**Directions**
All the lines below should be set down exactly, with no picture carried into the copy.

-------------------------

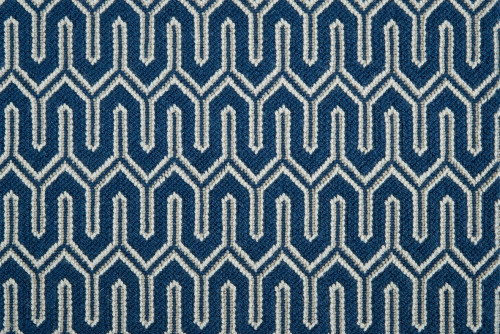 Stanton Baltimore Nautical Blue 18145 Stair Runner Rug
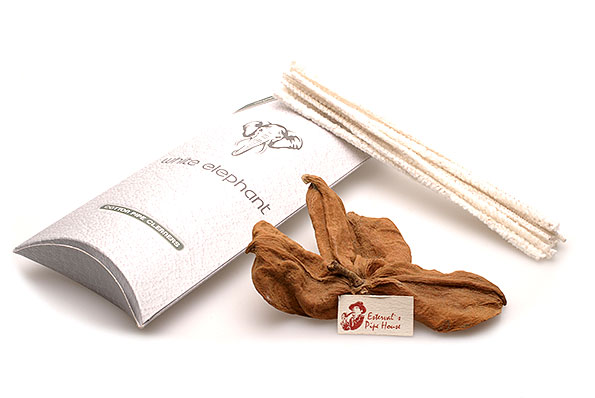 White Elephant Cotton Pipe Cleaners 16cm (100 Cleaner) White Elephant Cotton Pipe Cleaners 16cm (100 Cleaner)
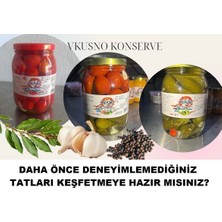 Vkusno Leço 420 gr (Macar Kışlık Salatası)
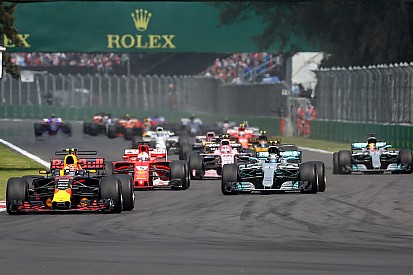 Wolff: Vettel önden kayma yaşadığı için Hamilton'a çarptı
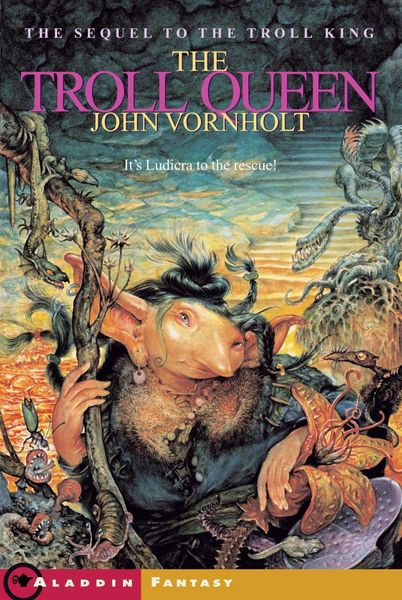 Produktbild: The Troll Queen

-------------------------

**Answer section**
 Stanton Baltimore Nautical Blue 18145 Stair Runner Rug
 White Elephant Cotton Pipe Cleaners 16cm (100 Cleaner) White Elephant Cotton Pipe Cleaners 16cm (100 Cleaner)
 Vkusno Leço 420 gr (Macar Kışlık Salatası)
 Wolff: Vettel önden kayma yaşadığı için Hamilton'a çarptı
 Produktbild: The Troll Queen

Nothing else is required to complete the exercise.